▶ [Assigned task]
In the copy, include no pictures, but reproduce every record exactly.

═══ Data shown

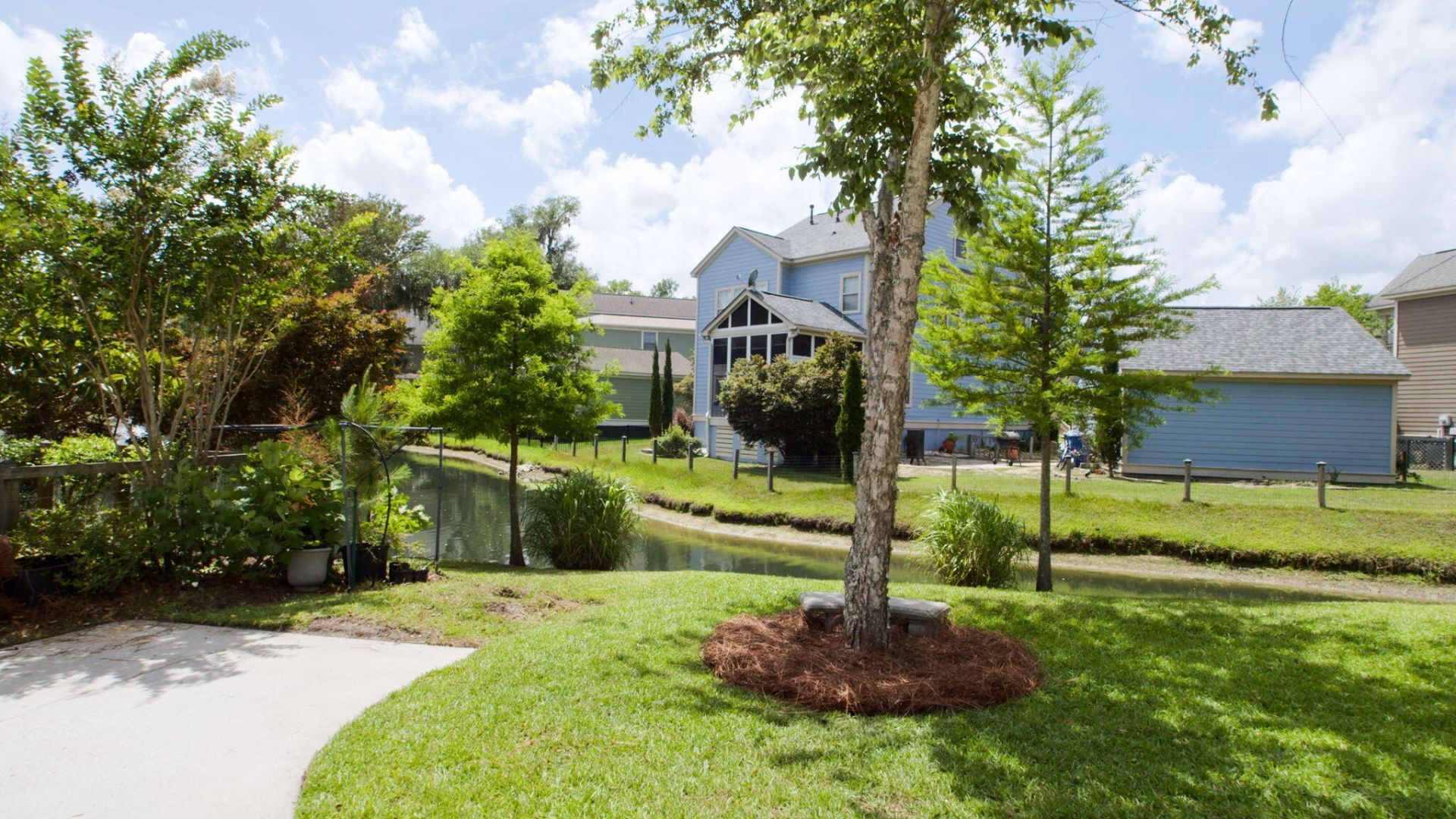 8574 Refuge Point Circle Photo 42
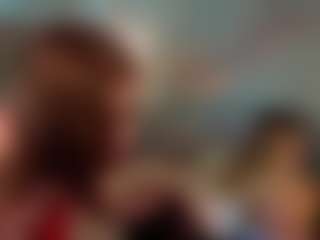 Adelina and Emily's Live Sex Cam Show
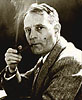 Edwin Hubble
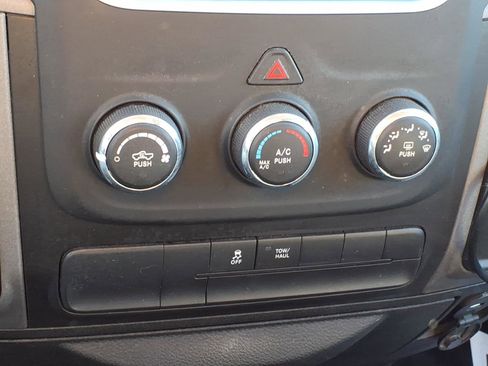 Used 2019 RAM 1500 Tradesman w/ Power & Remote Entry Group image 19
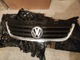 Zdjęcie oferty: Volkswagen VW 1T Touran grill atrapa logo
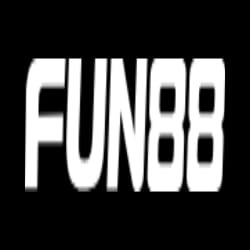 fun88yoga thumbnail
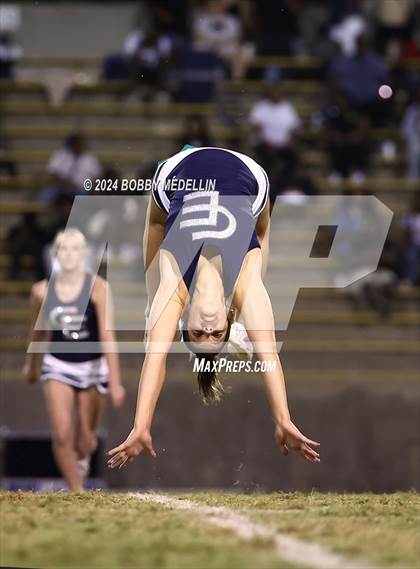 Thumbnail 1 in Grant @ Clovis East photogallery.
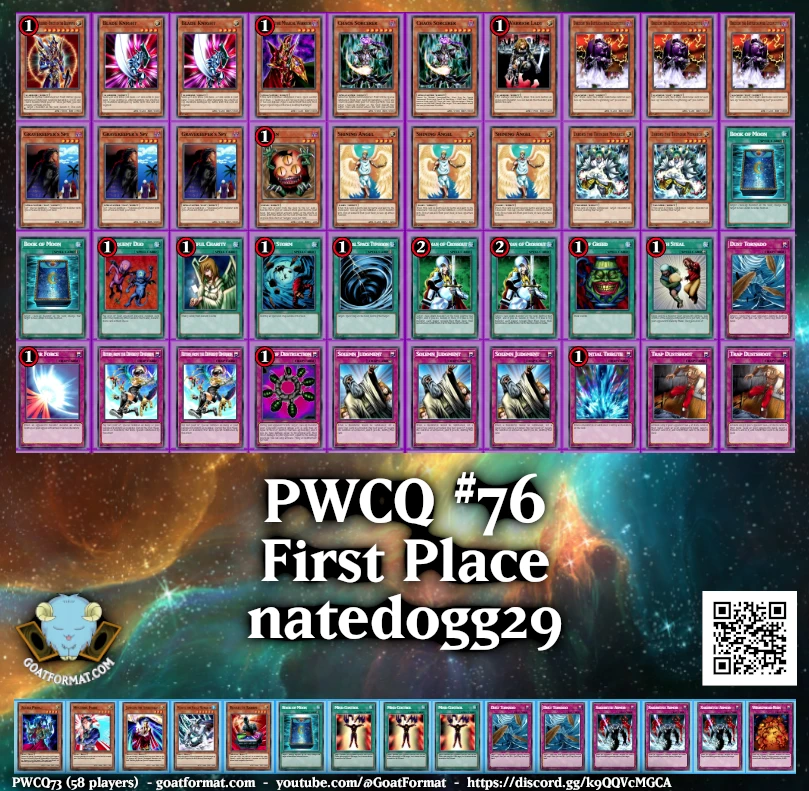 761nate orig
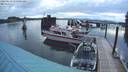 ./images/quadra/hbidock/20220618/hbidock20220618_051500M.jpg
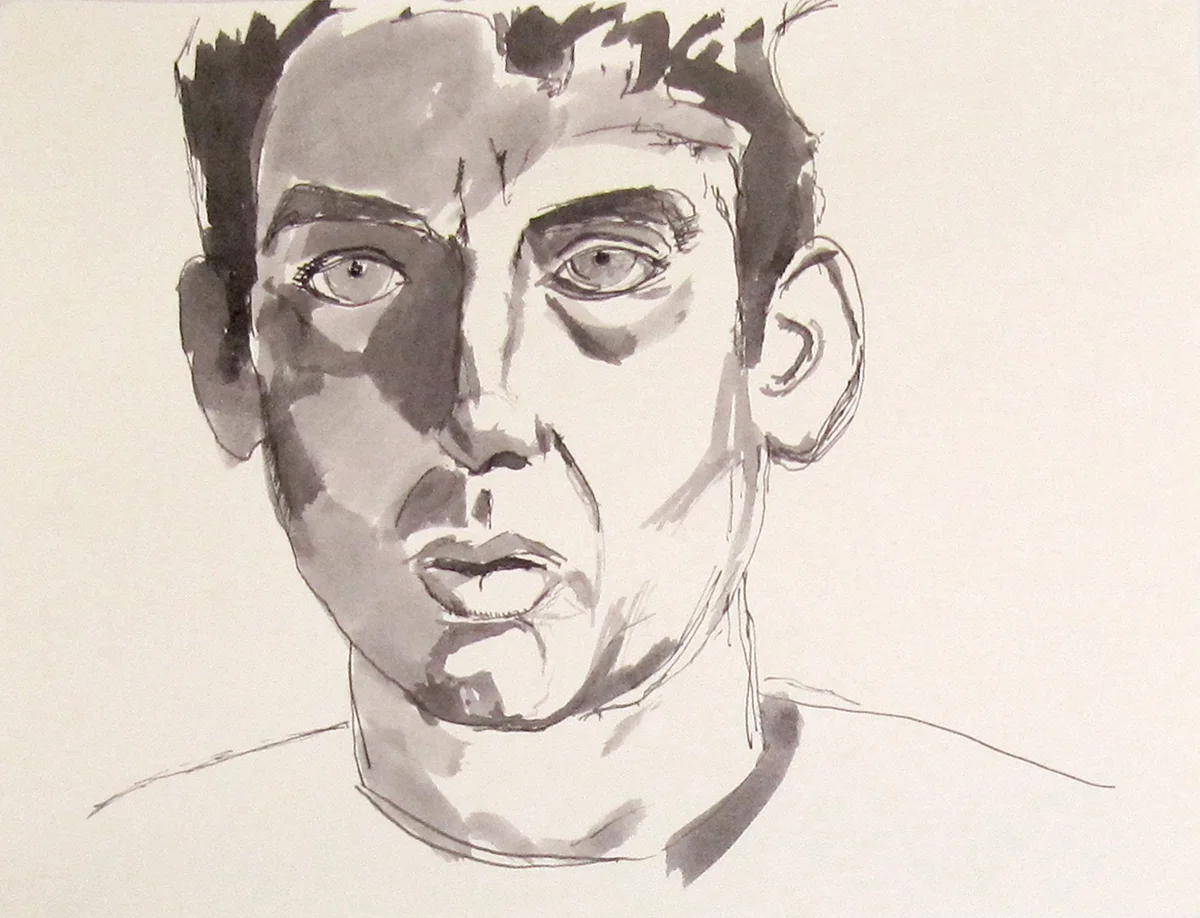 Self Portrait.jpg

══════

▶ [Exercise solution]
 8574 Refuge Point Circle Photo 42
 Adelina and Emily's Live Sex Cam Show
 Edwin Hubble
 Used 2019 RAM 1500 Tradesman w/ Power & Remote Entry Group image 19
 Zdjęcie oferty: Volkswagen VW 1T Touran grill atrapa logo
 fun88yoga thumbnail
 Thumbnail 1 in Grant @ Clovis East photogallery.
 761nate orig
 ./images/quadra/hbidock/20220618/hbidock20220618_051500M.jpg
 Self Portrait.jpg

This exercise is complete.